The book is intended for teenage girls. "So many of the girls I met were well-educated, normal - whatever that means - but their lives had been ruined because they had had a snort of this or a smoke of that. I'd like girls to read the book and realise just how much they stand to lose by getting involved in drugs. They are at the root of so much crime and misery."
Sitting in her comfortable flat in London's Primrose Hill, Carol's life seems a million miles from these young women. At 51, she is a glamorous figure with her blonde curly hair and hour-glass figure. She leads a dream existence divided between London and her olive farm in the south of France, which she shares with husband, French film producer Michel Noll.

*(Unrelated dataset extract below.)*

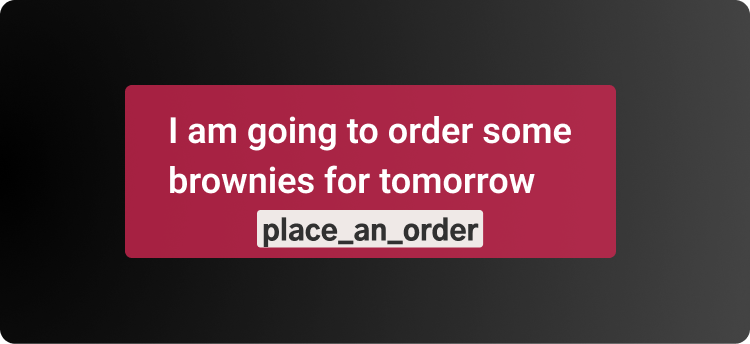 intent.png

"I was in All Creatures for 42 episodes and two TV films over 10 years," she says. "And I loved doing it, although the publicity did make me fed up for a while. But I was 35 when it finished, and now it seems like a very long time ago. My life now is far more varied and interesting."
The publicity she is referring to concerns her affair with co-star Christopher Timothy, which scandalised many. Even though he had left his wife before he got involved with Carol, she still received hate mail and was spat at in the street by people who thought of her as "the other woman".

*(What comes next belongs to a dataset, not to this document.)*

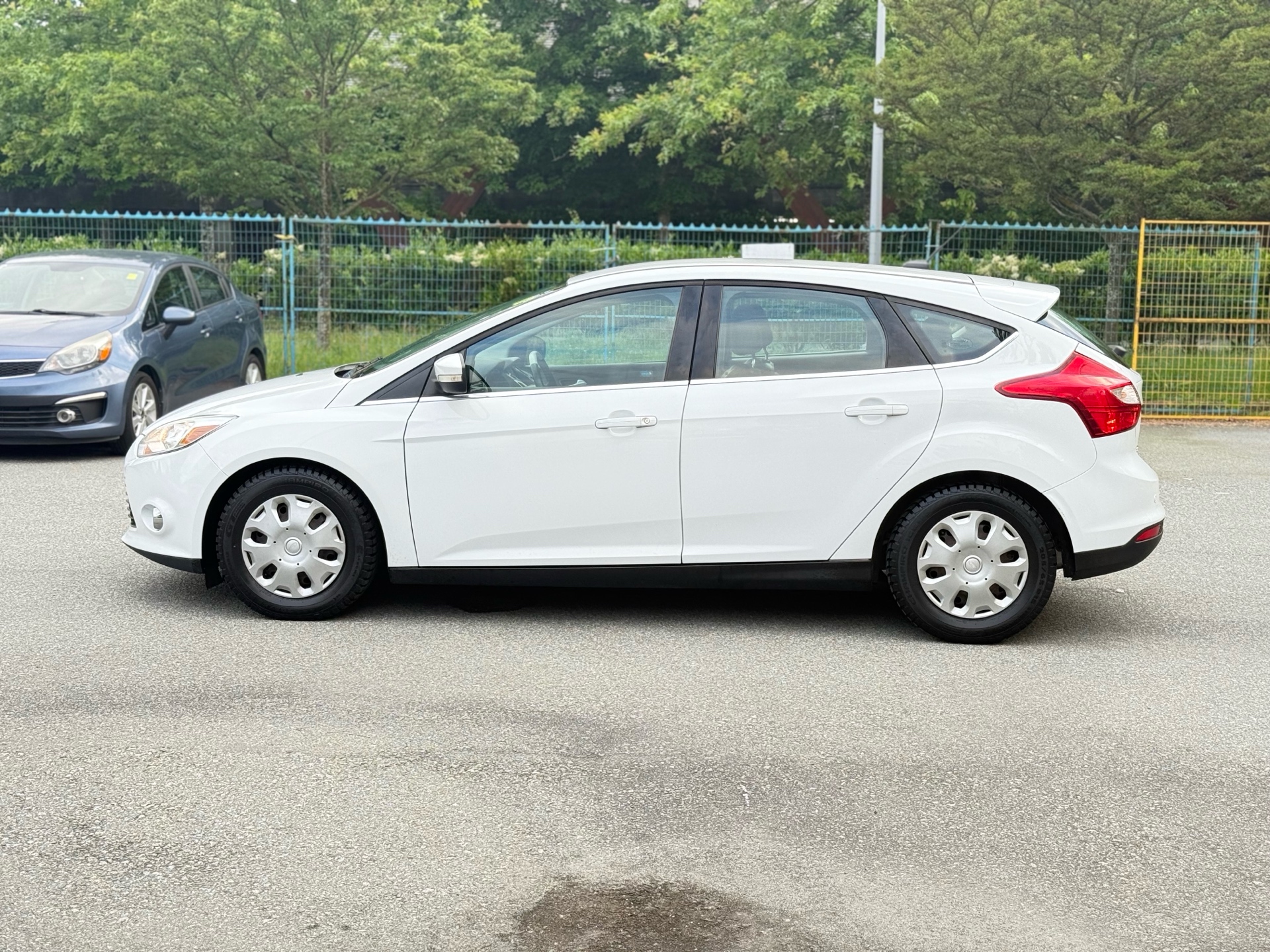 /moryaautosltd/2012-Ford-Focus-46138184893574685.jpg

By the time she met Michel, she and Christopher had split up, while another affair with the actor Peter Firth, which had been on and off for almost a decade, was also at an end. "I realised it wasn't a relationship that was going to go anywhere. I was a professional woman and I had been happy like that, but now it was the time to meet the right person for me."
A few weeks later she went to Australia to shoot a mini-series and met Michel. They had a drink and at the end of it he asked her to marry him. "I wasn't in love but he said it was a coup de foudre. After that, for three weeks he called me every day from wherever he was in the world. Then we agreed to meet in London and he was a late because his plane was delayed. When he finally arrived he said: 'Thank you for waiting' and I thought: 'I shall never resist this man.'" They were married three-and-a-half years later in the Cook Islands.
Michel's love gave Carol the courage to combine acting with another career as an author of three adult novels and three teenage books. The couple's only unhappiness was their inability to have children. "It was very sad because I have lots of nurturing instincts, but I don't want to dwell on it," she says. "There are plenty of other things in life. I have two glorious step daughters."
Her interest in disadvantaged girls stems from a trip to research a novel set in Brazil, where she ended up working in a rehabilitation centre for street girls. "There was an 11-year-old girl who aborted herself with an iron bar then found herself pregnant again within months. I thought, I'll never be ungrateful again - and though I do still bitch and moan like everyone else there is now a part of me which thinks a glass is half-full, whereas before I tended to think it was half-empty."
Carol herself grew up in London, the daughter of a nurse and a theatrical agent. Her acting debut was in the controversial film A Clockwork Orange, which has only just been released in Britain after the death of its director, Stanley Kubrick. At the mention of it, she blushes in mock horror.
"I play Nurse Feely and I am topless in it," she groans. "I was probably the only person who was glad when Kubrick stopped it being shown in this country and I'm certainly in no hurry to go and see it now."
The ghost of Helen Herriot has been put definitively to rest.